START INFORMATION SHOWN
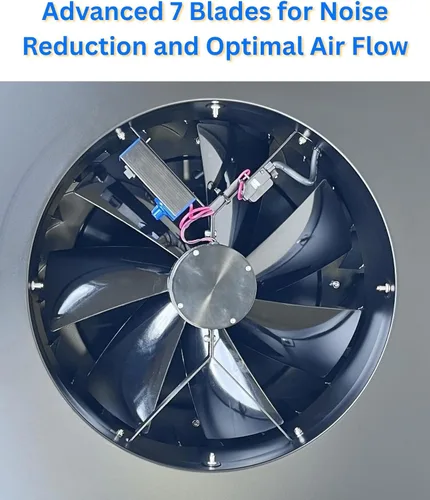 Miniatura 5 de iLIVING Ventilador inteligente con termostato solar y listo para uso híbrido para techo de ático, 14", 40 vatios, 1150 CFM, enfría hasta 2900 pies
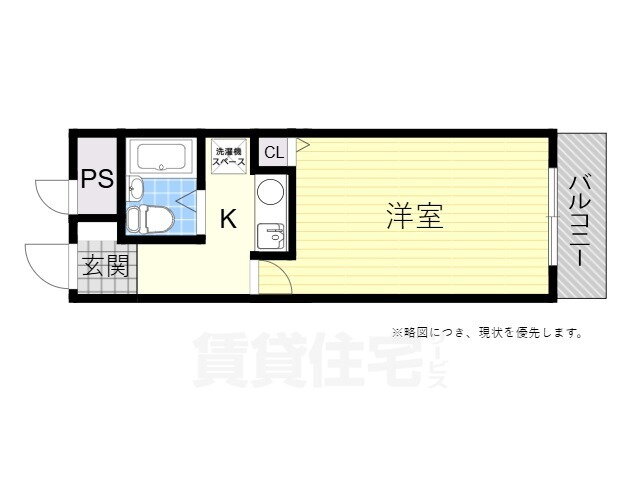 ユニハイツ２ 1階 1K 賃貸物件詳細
END INFORMATION SHOWN
START INFORMATION SHOWN
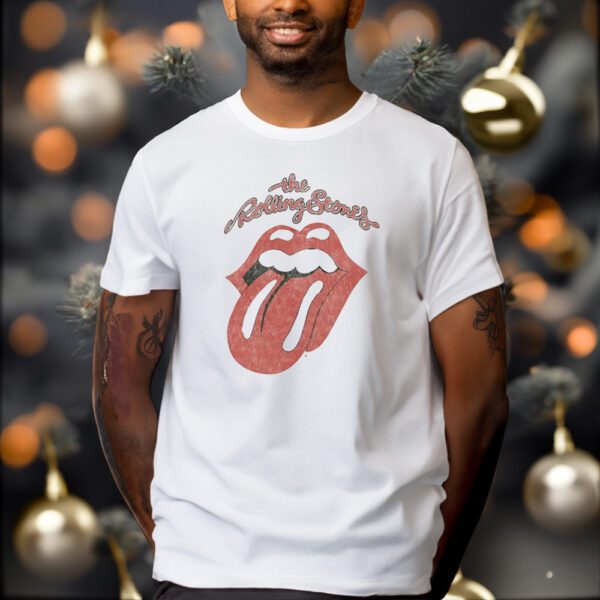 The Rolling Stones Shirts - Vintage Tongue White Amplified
END INFORMATION SHOWN
START INFORMATION SHOWN
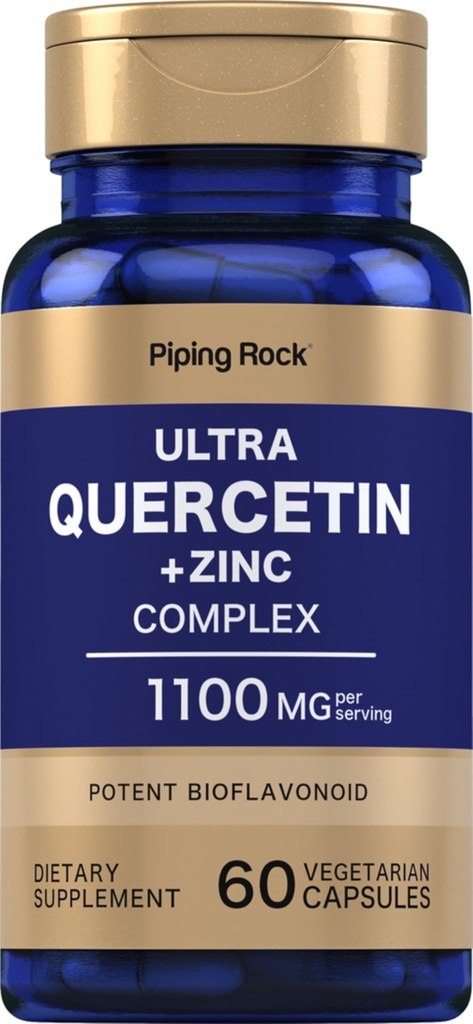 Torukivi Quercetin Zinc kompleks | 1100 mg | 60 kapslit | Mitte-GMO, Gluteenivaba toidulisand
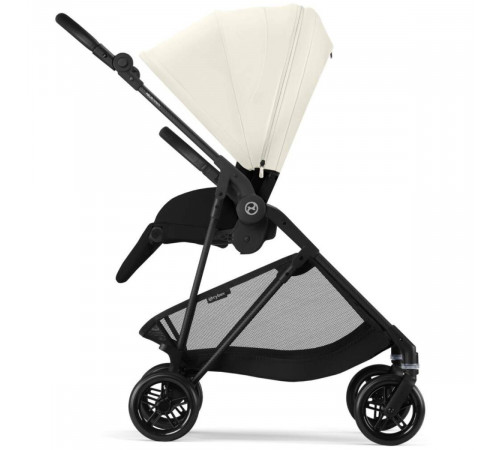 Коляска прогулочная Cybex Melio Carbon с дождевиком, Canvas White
END INFORMATION SHOWN
WORK TO COMPLETE:
Every line from the one with "Miniatura 5 de" through the one with "ユニハイツ２ 1階 1K 賃貸物件詳細" is to be reproduced exactly as written above, and the pictures are to be dropped.

ANSWER FOR THE TASK:
 Miniatura 5 de iLIVING Ventilador inteligente con termostato solar y listo para uso híbrido para techo de ático, 14", 40 vatios, 1150 CFM, enfría hasta 2900 pies
 ユニハイツ２ 1階 1K 賃貸物件詳細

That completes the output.